Aim
The Area of Occupancy (AOO) of a species is often utilized to assess extinction risk for determining IUCN Red List status. However, the recommended raw‐counts method of summing occupied grid cells likely reflects only sampling effort, as the majority of species have not been sampled across their entire range at the fine grains required by IUCN. More accurate measurements can be generated at coarser grains (so‐called atlas data) as false absences are reduced. If we fit the occupancy‐area relationship to these data, we can extrapolate the relationship down to estimate occupancy at finer grains. Numerous models have been proposed to carry out such occupancy downscaling, but have only been tested on a limited range of species.
Methods
We test the ability of downscaling models to recover fine grain AOO against the raw‐counts method for 28,900 virtual species with a wide range of prevalence and aggregation characteristics, subsampled to reflect common spatial biases in sampling effort. We address several questions for ensuring accurate downscaling: How to generate accurate atlas data? How far can we accurately extrapolate the occupancy‐area relationship given perfect data? Can occupancy downscaling overcome false absences at fine grain sizes? And how does sampling bias and coverage affect accuracy?
Results
Downscaling was more accurate than the raw‐counts method in all scenarios except where sampling coverage was very high and/or the sampling bias was positively related to the species distribution.

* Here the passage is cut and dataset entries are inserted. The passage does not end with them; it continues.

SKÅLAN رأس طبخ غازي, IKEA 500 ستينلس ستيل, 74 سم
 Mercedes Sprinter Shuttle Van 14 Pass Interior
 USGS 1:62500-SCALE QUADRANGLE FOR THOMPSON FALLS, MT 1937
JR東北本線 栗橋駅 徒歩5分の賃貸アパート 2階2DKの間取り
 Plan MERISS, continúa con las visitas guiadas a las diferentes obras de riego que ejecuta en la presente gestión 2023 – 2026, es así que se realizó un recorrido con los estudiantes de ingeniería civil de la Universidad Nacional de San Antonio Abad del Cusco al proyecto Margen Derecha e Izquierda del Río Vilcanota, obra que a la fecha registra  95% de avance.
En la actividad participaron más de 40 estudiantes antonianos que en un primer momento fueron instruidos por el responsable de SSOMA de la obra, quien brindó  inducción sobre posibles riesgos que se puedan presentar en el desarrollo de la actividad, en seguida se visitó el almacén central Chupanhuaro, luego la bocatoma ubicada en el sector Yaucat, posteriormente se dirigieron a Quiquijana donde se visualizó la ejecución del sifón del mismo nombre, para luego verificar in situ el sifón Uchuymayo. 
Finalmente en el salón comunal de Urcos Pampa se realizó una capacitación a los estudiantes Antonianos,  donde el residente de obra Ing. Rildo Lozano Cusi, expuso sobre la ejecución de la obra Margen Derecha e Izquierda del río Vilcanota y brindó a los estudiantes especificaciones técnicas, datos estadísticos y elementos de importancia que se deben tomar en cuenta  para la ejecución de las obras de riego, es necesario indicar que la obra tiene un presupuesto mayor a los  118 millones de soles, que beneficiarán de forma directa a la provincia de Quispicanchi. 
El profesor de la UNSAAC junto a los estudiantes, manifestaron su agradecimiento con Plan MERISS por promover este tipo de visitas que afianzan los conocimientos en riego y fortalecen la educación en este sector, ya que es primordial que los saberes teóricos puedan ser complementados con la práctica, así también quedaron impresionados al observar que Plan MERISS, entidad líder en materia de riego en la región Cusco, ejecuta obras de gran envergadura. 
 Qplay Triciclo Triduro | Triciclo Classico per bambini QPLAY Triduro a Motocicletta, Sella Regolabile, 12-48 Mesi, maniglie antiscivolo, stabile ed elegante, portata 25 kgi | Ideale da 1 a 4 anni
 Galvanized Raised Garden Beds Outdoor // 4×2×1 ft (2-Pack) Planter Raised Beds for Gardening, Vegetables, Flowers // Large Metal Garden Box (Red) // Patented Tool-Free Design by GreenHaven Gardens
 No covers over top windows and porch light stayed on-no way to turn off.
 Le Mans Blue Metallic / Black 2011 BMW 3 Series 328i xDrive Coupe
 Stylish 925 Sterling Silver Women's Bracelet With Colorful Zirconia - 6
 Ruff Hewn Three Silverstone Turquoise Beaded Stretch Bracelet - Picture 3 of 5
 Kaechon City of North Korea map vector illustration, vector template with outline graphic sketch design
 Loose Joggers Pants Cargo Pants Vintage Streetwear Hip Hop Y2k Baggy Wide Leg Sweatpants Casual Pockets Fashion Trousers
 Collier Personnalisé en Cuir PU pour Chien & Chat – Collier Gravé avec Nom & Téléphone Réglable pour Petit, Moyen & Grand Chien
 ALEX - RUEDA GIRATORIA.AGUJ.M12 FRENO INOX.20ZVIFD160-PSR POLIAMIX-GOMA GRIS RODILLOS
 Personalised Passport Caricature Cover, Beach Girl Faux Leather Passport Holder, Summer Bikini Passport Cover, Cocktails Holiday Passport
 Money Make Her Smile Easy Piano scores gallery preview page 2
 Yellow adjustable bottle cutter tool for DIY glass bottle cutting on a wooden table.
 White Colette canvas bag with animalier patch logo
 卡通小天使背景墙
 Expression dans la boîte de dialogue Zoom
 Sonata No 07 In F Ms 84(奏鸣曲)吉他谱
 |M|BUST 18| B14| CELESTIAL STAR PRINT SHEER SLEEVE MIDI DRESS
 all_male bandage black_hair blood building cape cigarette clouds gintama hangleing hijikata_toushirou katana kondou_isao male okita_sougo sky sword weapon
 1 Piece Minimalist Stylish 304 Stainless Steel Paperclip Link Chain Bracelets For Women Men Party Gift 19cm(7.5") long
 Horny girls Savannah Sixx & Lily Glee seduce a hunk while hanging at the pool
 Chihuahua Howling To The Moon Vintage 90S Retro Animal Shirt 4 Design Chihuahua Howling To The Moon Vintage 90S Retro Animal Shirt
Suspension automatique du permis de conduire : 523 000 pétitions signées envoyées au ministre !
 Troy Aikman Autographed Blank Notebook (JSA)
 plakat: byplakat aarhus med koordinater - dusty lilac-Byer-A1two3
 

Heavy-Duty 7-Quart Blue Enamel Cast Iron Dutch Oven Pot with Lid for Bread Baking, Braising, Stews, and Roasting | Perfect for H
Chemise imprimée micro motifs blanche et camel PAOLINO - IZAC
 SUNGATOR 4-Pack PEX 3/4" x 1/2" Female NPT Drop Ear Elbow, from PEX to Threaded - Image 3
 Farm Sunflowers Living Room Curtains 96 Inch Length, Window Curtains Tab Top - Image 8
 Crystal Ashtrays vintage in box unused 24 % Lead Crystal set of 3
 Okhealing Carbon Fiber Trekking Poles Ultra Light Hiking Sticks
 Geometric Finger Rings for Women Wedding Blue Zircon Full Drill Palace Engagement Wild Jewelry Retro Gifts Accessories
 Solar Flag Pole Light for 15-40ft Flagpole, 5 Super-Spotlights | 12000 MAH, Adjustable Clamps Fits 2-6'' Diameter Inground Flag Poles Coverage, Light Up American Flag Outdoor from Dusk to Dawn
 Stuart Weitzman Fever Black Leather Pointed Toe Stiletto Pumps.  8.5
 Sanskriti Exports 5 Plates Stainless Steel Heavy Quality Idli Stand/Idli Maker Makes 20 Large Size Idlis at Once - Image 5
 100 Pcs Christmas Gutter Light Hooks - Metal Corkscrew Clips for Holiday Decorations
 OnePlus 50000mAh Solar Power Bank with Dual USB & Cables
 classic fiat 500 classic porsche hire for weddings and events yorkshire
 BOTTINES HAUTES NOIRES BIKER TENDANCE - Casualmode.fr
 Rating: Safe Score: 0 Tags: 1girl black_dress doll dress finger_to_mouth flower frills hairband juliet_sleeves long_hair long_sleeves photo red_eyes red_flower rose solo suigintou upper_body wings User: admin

However, if atlas data contained many false absences, then even downscaling under‐estimated actual occupancy.
Main conclusions
Occupancy downscaling has the potential to be a useful tool for estimating AOO for IUCN Red List assessments, especially when sampling coverage is low and the currently recommended method is ineffective. However, its application should be tailored to the species’ characteristics, as well as the sampling coverage and bias of the species’ records.